DevOps
Pulled a churning B2B SaaS out of weekly outage cycles and onto a calm 99.99% baseline with IaC, multi-AZ failover, and a runbook the on-call rotation actually trusts.
DevOps
99.993%
Uptime
A logistics-adjacent B2B SaaS with about 40 enterprise customers across DACH and the UK. The product was a single Rails monolith fronted by a small React app, deployed to a hand-managed cluster of EC2 instances. There was no Infrastructure as Code, no real observability beyond CloudWatch defaults, and incident response lived in a private Slack channel where tribal knowledge died with whoever was on holiday. The CEO had quietly stopped quoting uptime in sales calls because she could not back it up.
The challenge
A B2B SaaS scale-up was hitting paid-tier outages every other week. Customer-success was burning hours apologising, two anchor accounts had renewal clauses tied to uptime, and the engineering team was deploying defensively because nobody was confident a normal release wouldn’t break production.
Approach
Reviewed six months of incidents to identify the top three failure modes — single-AZ database, manual deploys, and silent third-party degradations.

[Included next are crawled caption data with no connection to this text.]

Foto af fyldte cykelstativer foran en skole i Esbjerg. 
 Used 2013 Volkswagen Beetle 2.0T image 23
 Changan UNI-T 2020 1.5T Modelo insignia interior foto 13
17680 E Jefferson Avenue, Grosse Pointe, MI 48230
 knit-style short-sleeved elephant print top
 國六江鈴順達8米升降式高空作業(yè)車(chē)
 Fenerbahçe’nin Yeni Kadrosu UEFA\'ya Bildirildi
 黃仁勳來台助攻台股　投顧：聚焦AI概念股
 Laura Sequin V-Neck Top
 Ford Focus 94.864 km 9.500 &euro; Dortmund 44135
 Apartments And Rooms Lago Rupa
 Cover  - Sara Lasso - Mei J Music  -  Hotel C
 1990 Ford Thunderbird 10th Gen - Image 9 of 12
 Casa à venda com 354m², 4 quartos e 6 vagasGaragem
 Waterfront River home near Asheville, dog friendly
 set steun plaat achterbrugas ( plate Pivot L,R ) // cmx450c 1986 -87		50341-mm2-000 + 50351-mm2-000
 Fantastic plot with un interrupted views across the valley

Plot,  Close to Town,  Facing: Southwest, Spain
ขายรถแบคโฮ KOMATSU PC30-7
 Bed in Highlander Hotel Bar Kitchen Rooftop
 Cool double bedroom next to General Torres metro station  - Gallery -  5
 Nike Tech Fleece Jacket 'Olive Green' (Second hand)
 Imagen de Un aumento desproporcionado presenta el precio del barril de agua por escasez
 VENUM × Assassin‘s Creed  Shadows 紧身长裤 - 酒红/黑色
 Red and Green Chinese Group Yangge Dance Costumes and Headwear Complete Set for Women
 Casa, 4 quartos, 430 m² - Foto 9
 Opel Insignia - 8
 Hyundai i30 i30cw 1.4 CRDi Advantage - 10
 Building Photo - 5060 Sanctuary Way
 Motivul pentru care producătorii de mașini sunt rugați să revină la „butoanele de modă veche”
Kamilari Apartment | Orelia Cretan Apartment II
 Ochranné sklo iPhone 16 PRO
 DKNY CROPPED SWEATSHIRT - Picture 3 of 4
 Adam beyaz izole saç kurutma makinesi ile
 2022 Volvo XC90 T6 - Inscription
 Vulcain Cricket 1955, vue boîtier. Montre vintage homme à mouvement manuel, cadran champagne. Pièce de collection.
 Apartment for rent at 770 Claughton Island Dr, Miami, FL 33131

Codified the entire production estate in Terraform; nothing in production was allowed to be a snowflake again.
Moved Postgres to RDS Multi-AZ with read-replicas and rebuilt the application tier behind an ALB across three AZs.
Added structured logging, RED-method dashboards, and SLO-based alerting that pages on burn rate, not on raw thresholds.
Wrote and rehearsed runbooks for the six most-likely incidents; introduced blameless post-mortems and a weekly reliability review.
The solution
A high-availability rebuild on AWS Multi-AZ with the entire estate moved into Terraform, and a monitoring stack that pages on symptoms users feel rather than on raw infra metrics. Incident response time dropped from hours to minutes because the runbooks finally matched reality.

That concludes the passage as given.